:: WORK REQUEST ::
From the records below, find each line with the string "https" and copy it.

Start of Block

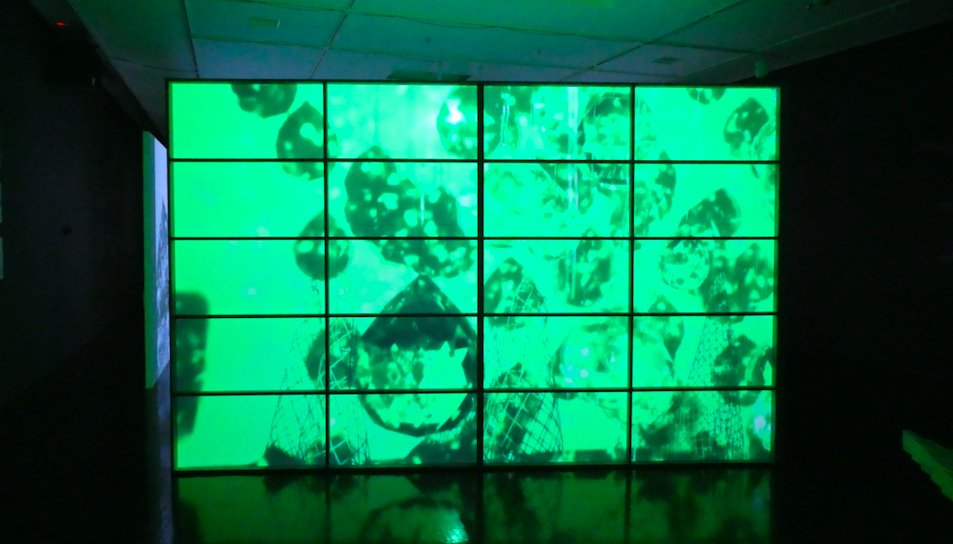 yrysdyr's tweet photo. January 10, 2020. 
Kyoto City University of Arts Art Gallery @KCUA (Kyoto, Japan)
"Joan Jonas Five Rooms For Kyoto: 1972–2019"
https://t.co/NkOWwBEWz6
#gallery_aKCUA #JoanJonas https://t.co/yoFFT647Sv
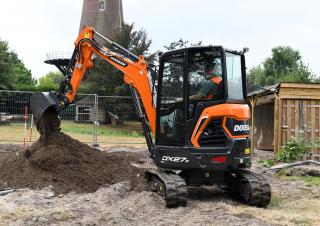Mini excavatoare Doosan DX27Z-7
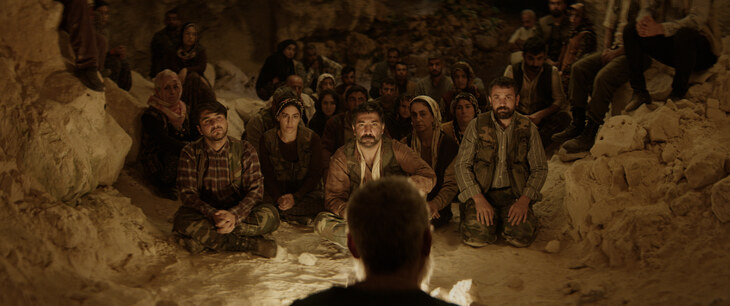 Habitantes del pueblo reunidos en una escena de Salvación de Emin Alper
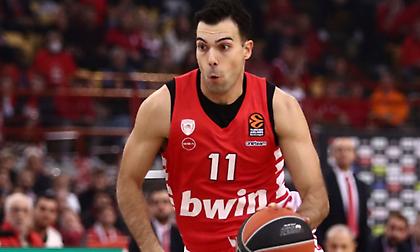 Μέρος της προπόνησης ο Σλούκας στον Ολυμπιακό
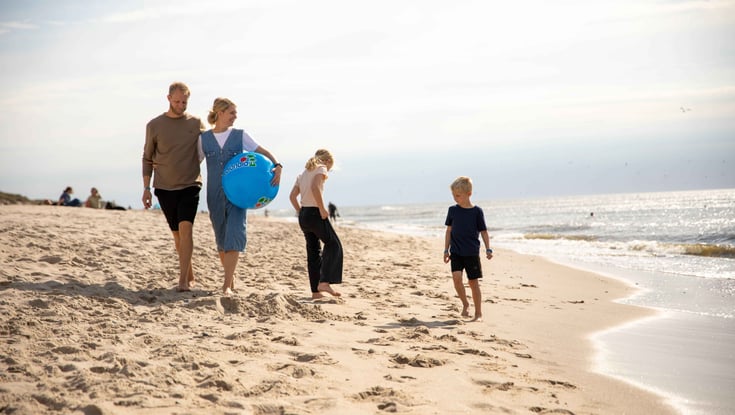 Familie på stranden ved Nordsjøen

End of Block

:: TASK OUTPUT ::
https://t.co/NkOWwBEWz6
#gallery_aKCUA #JoanJonas https://t.co/yoFFT647Sv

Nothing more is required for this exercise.